### TASK OBJECTIVE
From the listing below, give again exactly the lines from the line with "Guante Infantil en" to the line with "HAMAK TURYSTYCZNY Z", ends included, without any pictures.

### EXCERPTED DATA
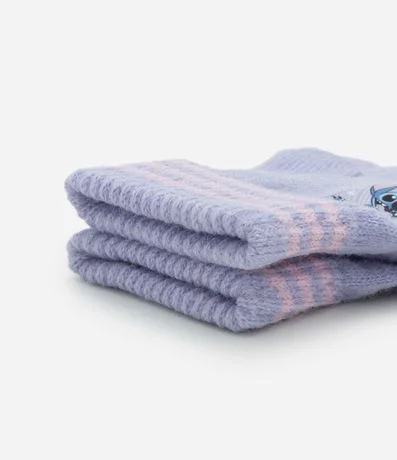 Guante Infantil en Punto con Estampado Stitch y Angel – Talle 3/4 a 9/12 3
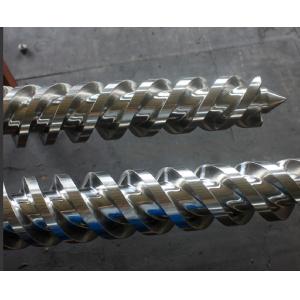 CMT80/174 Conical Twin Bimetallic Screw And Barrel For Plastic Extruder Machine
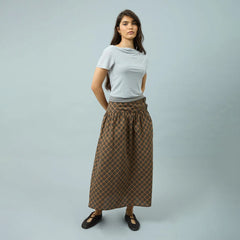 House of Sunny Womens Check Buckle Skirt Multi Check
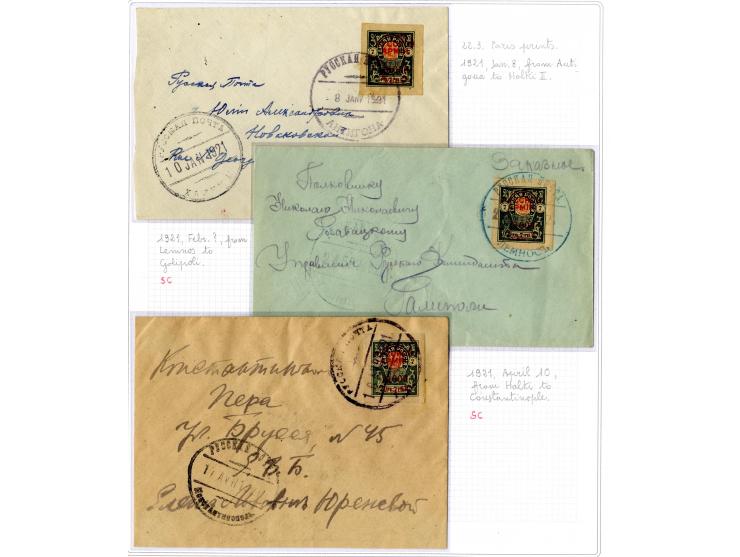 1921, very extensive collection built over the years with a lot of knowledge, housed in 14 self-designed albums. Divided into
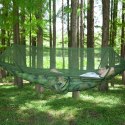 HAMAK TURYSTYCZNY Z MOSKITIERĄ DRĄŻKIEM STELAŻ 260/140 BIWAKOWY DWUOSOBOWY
==
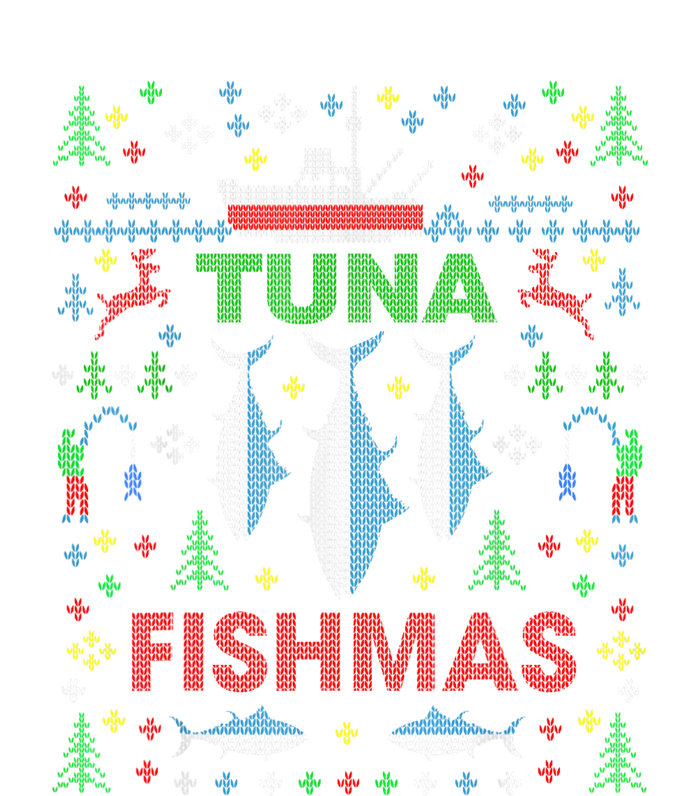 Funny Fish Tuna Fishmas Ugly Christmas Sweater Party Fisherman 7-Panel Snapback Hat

### EXERCISE ANSWER
 Guante Infantil en Punto con Estampado Stitch y Angel – Talle 3/4 a 9/12 3
 CMT80/174 Conical Twin Bimetallic Screw And Barrel For Plastic Extruder Machine
 House of Sunny Womens Check Buckle Skirt Multi Check
 1921, very extensive collection built over the years with a lot of knowledge, housed in 14 self-designed albums. Divided into
 HAMAK TURYSTYCZNY Z MOSKITIERĄ DRĄŻKIEM STELAŻ 260/140 BIWAKOWY DWUOSOBOWY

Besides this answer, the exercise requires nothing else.